There are many factors that this statement fails to take into account. Perhaps most importantly, the efficiency at which that energy is turned into useful power to propel the vehicle. Further, this is speaking very broadly about these fuel sources, and so is not directly applicable to specific complex. A quick google search surfaced a DOE primer[1] on EVs that claims that they are both "Energy Efficient" since "Electric vehicles convert about 59–62% of the electrical energy from the grid to power at the wheels—conventional gasoline vehicles only convert about 17–21% of the energy stored in gasoline to power at the wheels." and "Environmentally Friendly" because "EVs emit no tailpipe pollutants, although the power plant producing the electricity may emit them. Electricity from nuclear-, hydro-, solar-, or wind-powered plants causes no air pollutants." On the latter point, power plant technology is increasingly moving away from dirty coal generation processes in the developed world, so gas powered vehicles will be at an increasingly great disadvantage.
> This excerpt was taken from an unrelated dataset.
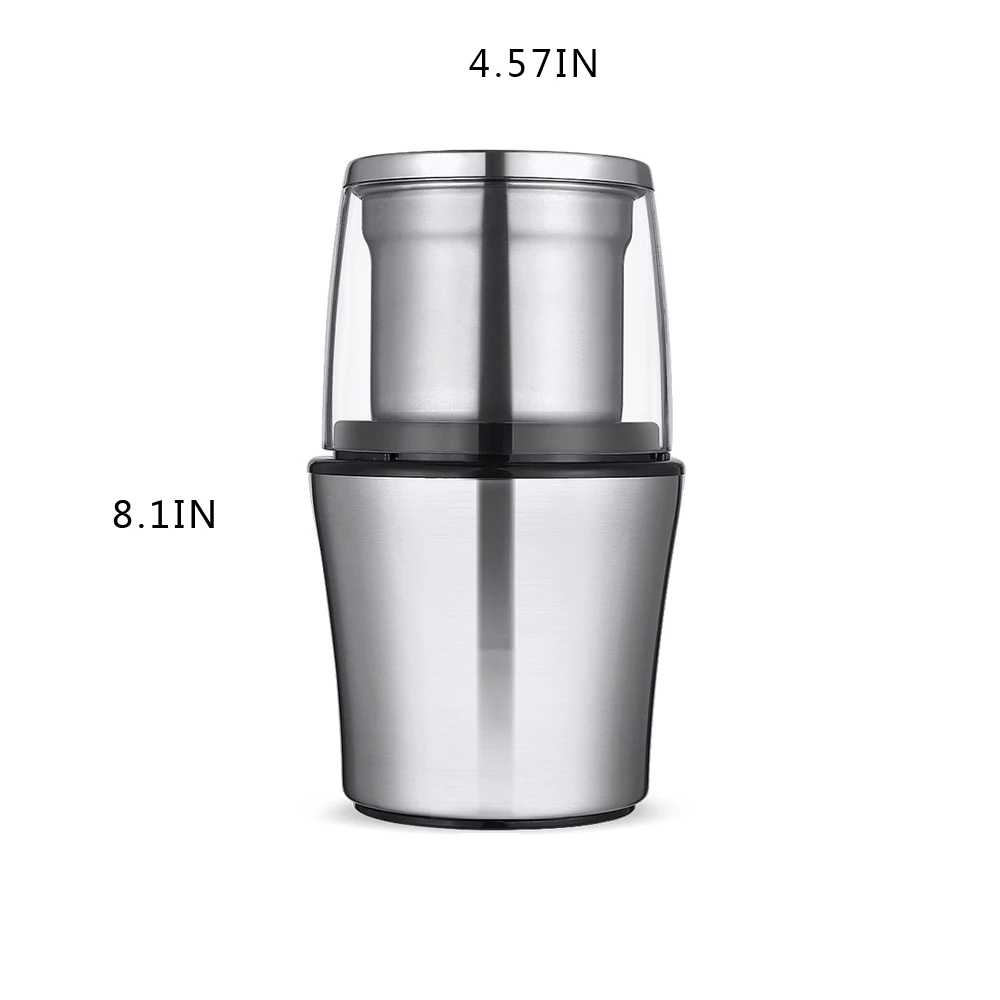 

200W Electric Coffee Grinder Stainless Steel Body Big Capacity for Salt Pepper Grinder Powerful bean Grinding Machine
The EPA also uses a method for rating vehicle fuel efficiency of non-petrol burning vehicles called eMPG[2] (effective miles per gallon) that takes into account the energy potential of the ultimate fuel source/sources used by the vehicle and converts them to the MPG (miles per gallon of petrol) scale. Electric vehicles rule the top of the rated vehicles followed by a couple hybrids and deisel compacts. EVs tend to be ~2x more fuel efficient than similarly sized petrol vehicles when compared by this particular method.

Concerning the Model S in particular, the EPA rates it as the most fuel efficient large sedan at 95 eMPG. Speaking generally, the only car class (does not take into account trucks and SUVs) that is led in fuel efficiency according to the EPA is the Midsize Station Wagon class. It is led by the Prius Model V, and the class does not seem to have a pure EV option. Every other class is led in fuel efficiency by an EV.

Finally, according to the EPA's Greenhouse Gas Emissions calculator, the 2013 Tesla model S generates a US average of 250 grams per mile driven of Greenhouse gas emissions compared to the average new car at 500 gpm[3]. So half as bad as the average new vehicle in terms of GHG emissions.

P.S. Sorry for the somewhat poorly structured nature of this comment. It evolved organically along with the research used to produce it.

[1]http://www.fueleconomy.gov/feg/evtech.shtml

[2]http://www.epa.gov/carlabel/electriclabelreadmore.htm#2

[3]http://www.fueleconomy.gov/feg/Find.do?zipCode=78641&year=20...

[edit: I can never seem to remember that the editor eats up single newlines, fixed the footnotes section so that they don't all appear on the same line.]